Easy Variational Inference for Categorical Models via an Independent Binary Approximation
This work addresses scalability issues in Bayesian analysis for categorical data, which is incremental as it builds on existing binary models and variational methods.
The authors tackled the challenge of scaling Bayesian inference for categorical generalized linear models (GLMs) beyond a few dozen categories by introducing categorical-from-binary (CB) models, which enable fast and parallelizable variational inference, scaling to thousands of categories and outperforming competitors like ADVI and NUTS in time to achieve fixed prediction quality.

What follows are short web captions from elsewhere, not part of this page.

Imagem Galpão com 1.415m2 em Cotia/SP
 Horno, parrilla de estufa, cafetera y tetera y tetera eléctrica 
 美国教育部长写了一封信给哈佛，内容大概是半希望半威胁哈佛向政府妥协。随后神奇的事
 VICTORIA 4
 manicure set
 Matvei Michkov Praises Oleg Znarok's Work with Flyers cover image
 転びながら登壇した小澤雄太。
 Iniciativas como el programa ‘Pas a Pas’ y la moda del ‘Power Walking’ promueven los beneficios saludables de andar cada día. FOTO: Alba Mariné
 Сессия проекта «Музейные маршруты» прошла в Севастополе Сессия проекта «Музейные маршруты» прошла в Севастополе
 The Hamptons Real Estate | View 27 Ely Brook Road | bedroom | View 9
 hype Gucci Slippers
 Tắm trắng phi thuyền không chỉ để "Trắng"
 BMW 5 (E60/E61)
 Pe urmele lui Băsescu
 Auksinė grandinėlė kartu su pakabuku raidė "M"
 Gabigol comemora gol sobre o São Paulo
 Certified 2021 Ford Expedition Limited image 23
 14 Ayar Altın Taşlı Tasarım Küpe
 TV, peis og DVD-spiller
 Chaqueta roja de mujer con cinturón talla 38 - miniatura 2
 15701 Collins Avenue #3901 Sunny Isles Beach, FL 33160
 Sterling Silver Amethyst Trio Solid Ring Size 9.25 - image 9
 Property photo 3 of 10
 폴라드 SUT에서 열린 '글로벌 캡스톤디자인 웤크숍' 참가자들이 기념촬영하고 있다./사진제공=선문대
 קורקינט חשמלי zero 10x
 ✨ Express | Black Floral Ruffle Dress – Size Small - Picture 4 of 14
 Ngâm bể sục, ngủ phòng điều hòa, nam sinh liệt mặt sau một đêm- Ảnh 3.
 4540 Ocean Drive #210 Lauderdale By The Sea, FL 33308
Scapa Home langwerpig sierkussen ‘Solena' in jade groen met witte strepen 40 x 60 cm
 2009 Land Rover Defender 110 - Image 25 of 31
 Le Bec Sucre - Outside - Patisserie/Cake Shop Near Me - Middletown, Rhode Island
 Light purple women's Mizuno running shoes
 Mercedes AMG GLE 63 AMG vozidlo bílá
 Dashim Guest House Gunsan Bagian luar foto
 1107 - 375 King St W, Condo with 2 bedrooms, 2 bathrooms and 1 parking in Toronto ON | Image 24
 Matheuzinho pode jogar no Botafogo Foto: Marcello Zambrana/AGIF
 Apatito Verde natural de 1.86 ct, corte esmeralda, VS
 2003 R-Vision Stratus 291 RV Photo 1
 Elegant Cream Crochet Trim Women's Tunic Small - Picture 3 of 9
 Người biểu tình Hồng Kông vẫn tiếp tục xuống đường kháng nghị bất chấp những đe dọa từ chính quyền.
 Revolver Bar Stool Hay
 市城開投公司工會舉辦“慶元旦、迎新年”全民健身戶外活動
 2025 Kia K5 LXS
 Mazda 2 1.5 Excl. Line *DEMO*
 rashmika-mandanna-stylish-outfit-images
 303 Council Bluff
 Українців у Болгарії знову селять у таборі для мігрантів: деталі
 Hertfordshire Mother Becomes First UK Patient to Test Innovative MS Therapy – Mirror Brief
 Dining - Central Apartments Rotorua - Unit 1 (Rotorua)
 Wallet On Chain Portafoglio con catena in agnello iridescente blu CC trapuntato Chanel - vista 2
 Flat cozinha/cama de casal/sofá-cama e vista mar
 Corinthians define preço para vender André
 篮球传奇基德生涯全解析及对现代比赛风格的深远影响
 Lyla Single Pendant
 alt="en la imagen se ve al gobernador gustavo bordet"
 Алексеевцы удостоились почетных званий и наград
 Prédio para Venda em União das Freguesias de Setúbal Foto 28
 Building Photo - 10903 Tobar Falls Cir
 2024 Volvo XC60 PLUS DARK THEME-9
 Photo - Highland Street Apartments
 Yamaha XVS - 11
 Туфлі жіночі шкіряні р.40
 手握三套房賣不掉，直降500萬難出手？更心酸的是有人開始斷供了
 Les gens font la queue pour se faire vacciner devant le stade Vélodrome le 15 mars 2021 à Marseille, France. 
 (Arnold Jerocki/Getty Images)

We pursue tractable Bayesian analysis of generalized linear models (GLMs) for categorical data. Thus far, GLMs are difficult to scale to more than a few dozen categories due to non-conjugacy or strong posterior dependencies when using conjugate auxiliary variable methods. We define a new class of GLMs for categorical data called categorical-from-binary (CB) models. Each CB model has a likelihood that is bounded by the product of binary likelihoods, suggesting a natural posterior approximation. This approximation makes inference straightforward and fast; using well-known auxiliary variables for probit or logistic regression, the product of binary models admits conjugate closed-form variational inference that is embarrassingly parallel across categories and invariant to category ordering. Moreover, an independent binary model simultaneously approximates multiple CB models. Bayesian model averaging over these can improve the quality of the approximation for any given dataset. We show that our approach scales to thousands of categories, outperforming posterior estimation competitors like Automatic Differentiation Variational Inference (ADVI) and No U-Turn Sampling (NUTS) in the time required to achieve fixed prediction quality.